Let me just say that I was really bored at Urbana’s finals. Two years ago, I was screamin’ like a teenager at a Micheal Jackson concert… in the ?80s… in Japan(!) *copyright, UPHA* In contrast, this year I was trying to listen but it was a bit hard when I knew most of the pieces and the ones I didn’t know were going 50/50 on the hit me phase. Halfway through, Jess decided she wanted to get a candy bar and I was ready to hike to Hershey, Pennsylvania at that point.

On the positive tip, uber-congrats to the McKibbens clan- RAC rocked it out and was a clear favorite of the judges throughout but George had to come back from a tepid score at the very end of the first round (meaning the judges weren’t sure what to make of his poetry) to emerge the Urbana Grand Slam Champ. Two years ago, George leaped in the air when the final four were called and he was able to make Team Urbana- it still stays one of my fondest memories in all of slam and remained as Urbana took the whole thing that year with George participating in three of their four finals night poems. Add Ms. Automatic, Celena Glenn; NYC newcomer but Nats Vet, Anis; and Taylor as coach & alternate and this is one team that already has handicappers worried.

The only thing that woulda been better would have been to see Dawn Saylor on the squad but the judges were not havin’ it even though her hushed tones were letting me get a nicer grasp of what she was sayin’ on stage versus the extra-bass thumping, Can ya hear me now?!, norm of slam.

Corporate judges? For the longest I have wanted to have some kind of judge that has some kind of artistic background to help put Slam in some kind of artistic context. The result at Urbana was some pretty even scoring that stayed in the mid 8s throughout which is where I think most of the real good poems we do actually live in.

“I want to see a 10!”

Well then give me a goddamn 10 poem! Something that is going to haunt me for a while or at the very least I can recite snippets of later to other folks.

“I heard the baddest poem the other night!”

Werd?

“WERD!”

What did the poet say?

“Not sure but that shit was dope!”

Ten… my ass.

Corporate judging may seem like a sell out to the concept of Slam but the five random judges has led (in my eyes) to a quest for the lowest common denominator versus the search for commonality.

“But won’t corporate judging help someone FIX the slam?”

Glad you asked… The concept of fixing the Slam came up recently in Matt’s blog and I asked MC if I could retort via blog and here it is…

One of the fun/pains of being a SlamMaster was picking the judges. Some nights, it was a breeze and others it was like pulling teeth. Especially when you know what you are looking for, which in my case was for people that appeared to be actually listening to the Open Mic.
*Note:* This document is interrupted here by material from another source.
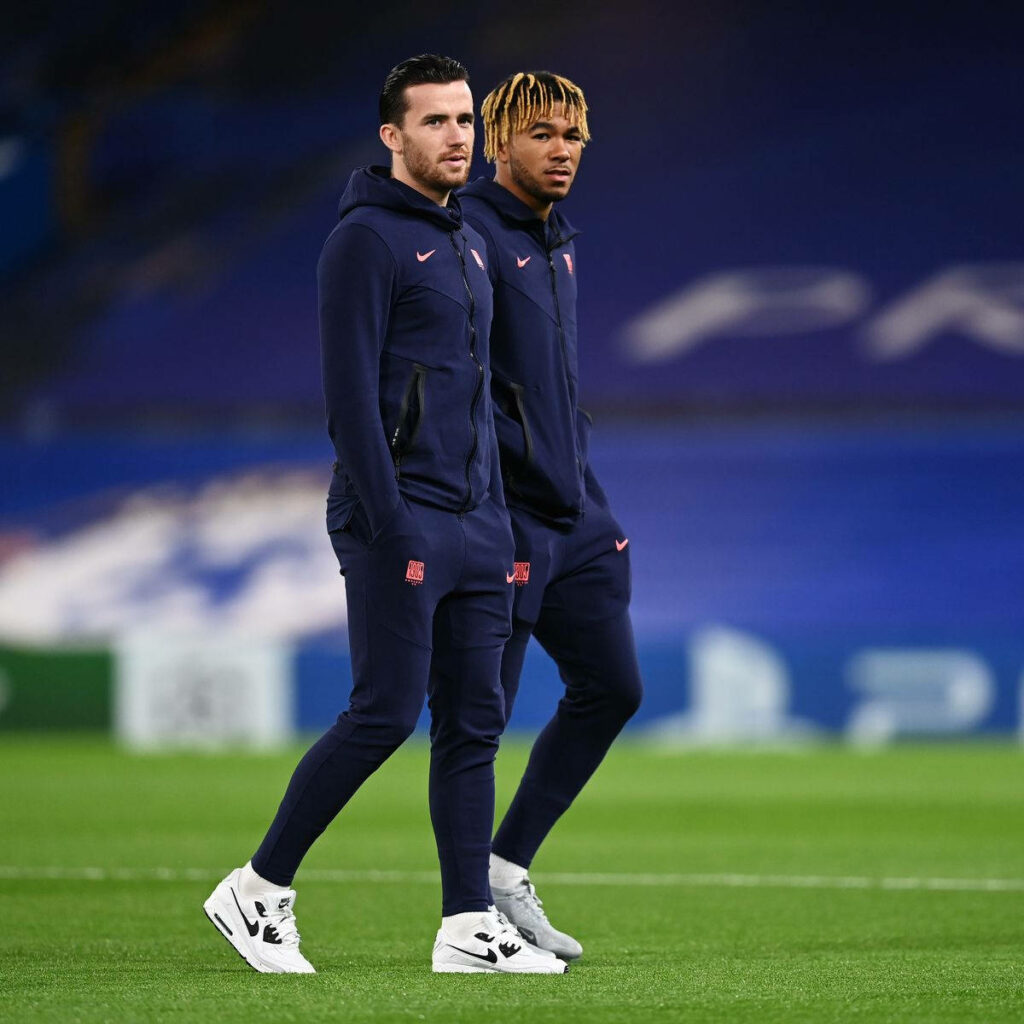 Ben Chilwell and Reece James walking on field in matching tracksuits stylish wallpaper background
First off, if you know one of the slammers- you shouldn’t be a judge. And believe me, this works both ways.

1. The obvious bias that comes with knowing folks outside of their poetry

2. The fact that if you know the poet’s obra and they go back to the well, you will be scoring it on how it compares to the last performances versus the actual performance.

(You know I’ve seen her do that poem WAYYYY better)
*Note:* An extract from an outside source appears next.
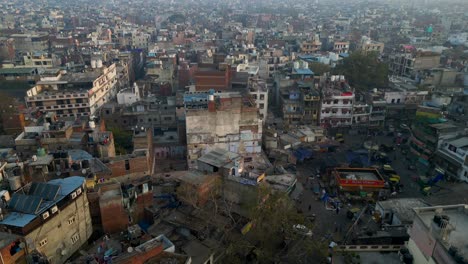 drone shot shanty town and slums in suburbs of large city in india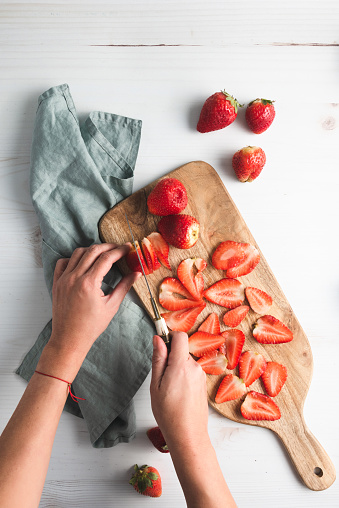Strawberries on cutting board, with knife and plate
Once you find five groups that are unattached and actually listening then you just try to get a bit of diversity in the mix and then you’re straight

OR

You can throw all that out the window and pick people who will score like you want them to score and insure your peeps an easy victory

The flaw in this plan emerges when the judges start scoring in a way you didn’t anticipate. Maybe your least favorite slammer is on all pistons tonight and has moved the judges to new places. What are you gonna do? Stop the slam in the middle and remind them why you picked them?

Nah, you gonna stand there and take it and next time pick some more well behaved judges… Maybe a pep talk before, who know?
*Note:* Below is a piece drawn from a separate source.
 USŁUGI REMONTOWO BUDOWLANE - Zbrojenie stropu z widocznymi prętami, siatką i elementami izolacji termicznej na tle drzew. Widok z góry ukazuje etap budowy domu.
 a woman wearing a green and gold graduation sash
As you can see, it’s a lil hard to actually rig the slam because unless you actually tell them “these are the poets I want to be eliminated” then you are fucked.

Always interesting was the apparent die-hard feminist giving the women low scores or the pampered suburb kid throwing 10s to anthem of the hood and on and on.

On your other points Matt, yes the MC and DJ do hold some power over the aura of the night but you can only bump an 8.1 up so much. Ya know?

Picking judges and seeing how 5 random folks decide the fate of the fragile egos is gonna be one of the things that I will miss but seeing them give yahoo ass scores to good writing and reward the ranter and ravers is gonna be the thing I wont miss.